The task - The output should match, line for line, the records from the line containing "Thanks for watching. We'll see you next time." through the line containing "What is going", with every picture left out.

Study material -

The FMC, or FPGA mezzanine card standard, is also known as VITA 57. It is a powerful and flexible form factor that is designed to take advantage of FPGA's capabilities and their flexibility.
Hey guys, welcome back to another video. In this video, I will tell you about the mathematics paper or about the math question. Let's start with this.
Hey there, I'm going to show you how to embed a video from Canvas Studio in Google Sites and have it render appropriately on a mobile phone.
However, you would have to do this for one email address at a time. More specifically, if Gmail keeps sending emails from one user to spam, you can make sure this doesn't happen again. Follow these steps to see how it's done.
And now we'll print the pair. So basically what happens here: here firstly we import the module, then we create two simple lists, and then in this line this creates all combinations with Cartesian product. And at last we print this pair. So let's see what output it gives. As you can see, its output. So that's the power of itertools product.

* * *

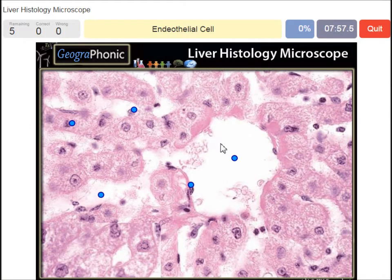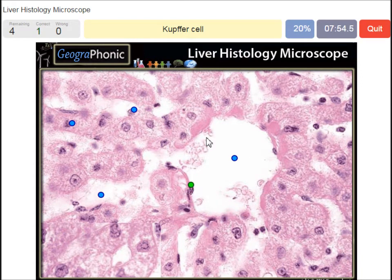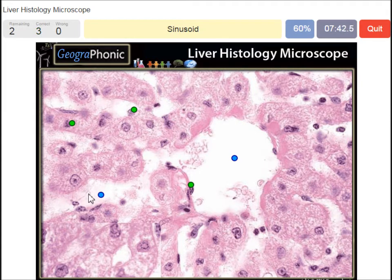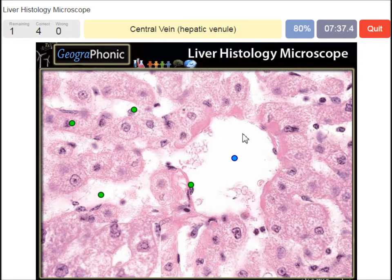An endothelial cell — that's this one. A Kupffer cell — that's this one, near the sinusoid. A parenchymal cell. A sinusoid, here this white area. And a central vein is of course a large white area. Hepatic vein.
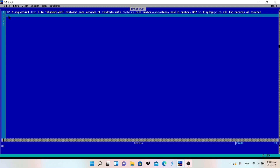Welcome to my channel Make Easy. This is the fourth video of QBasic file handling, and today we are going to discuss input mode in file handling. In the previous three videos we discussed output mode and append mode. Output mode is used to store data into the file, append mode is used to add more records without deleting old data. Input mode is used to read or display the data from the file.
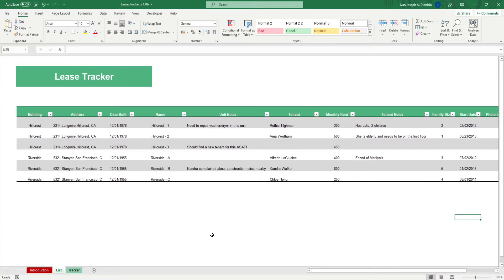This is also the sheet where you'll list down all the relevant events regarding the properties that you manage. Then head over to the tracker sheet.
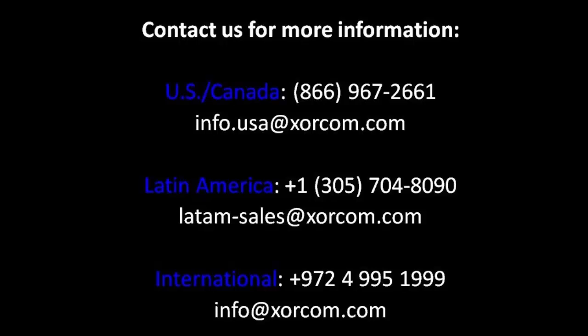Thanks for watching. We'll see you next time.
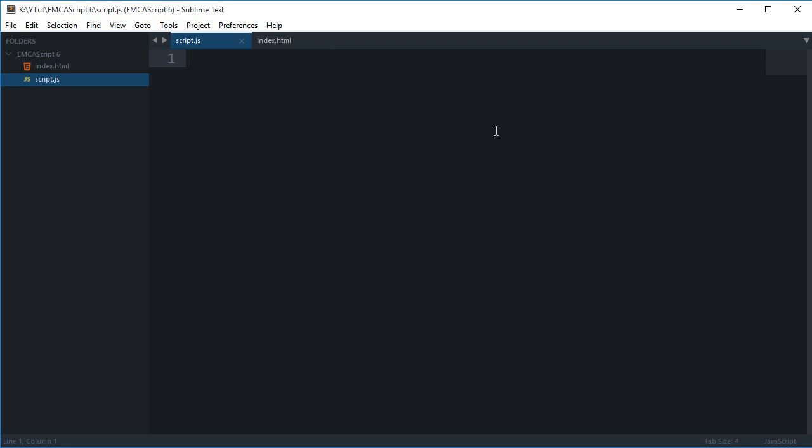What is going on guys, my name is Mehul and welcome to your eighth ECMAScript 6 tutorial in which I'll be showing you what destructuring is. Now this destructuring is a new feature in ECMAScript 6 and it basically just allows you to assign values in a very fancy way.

* * *

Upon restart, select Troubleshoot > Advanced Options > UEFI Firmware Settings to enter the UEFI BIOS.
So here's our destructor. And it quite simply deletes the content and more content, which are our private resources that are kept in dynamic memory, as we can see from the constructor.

Written reply -
Thanks for watching. We'll see you next time.
What is going on guys, my name is Mehul and welcome to your eighth ECMAScript 6 tutorial in which I'll be showing you what destructuring is. Now this destructuring is a new feature in ECMAScript 6 and it basically just allows you to assign values in a very fancy way.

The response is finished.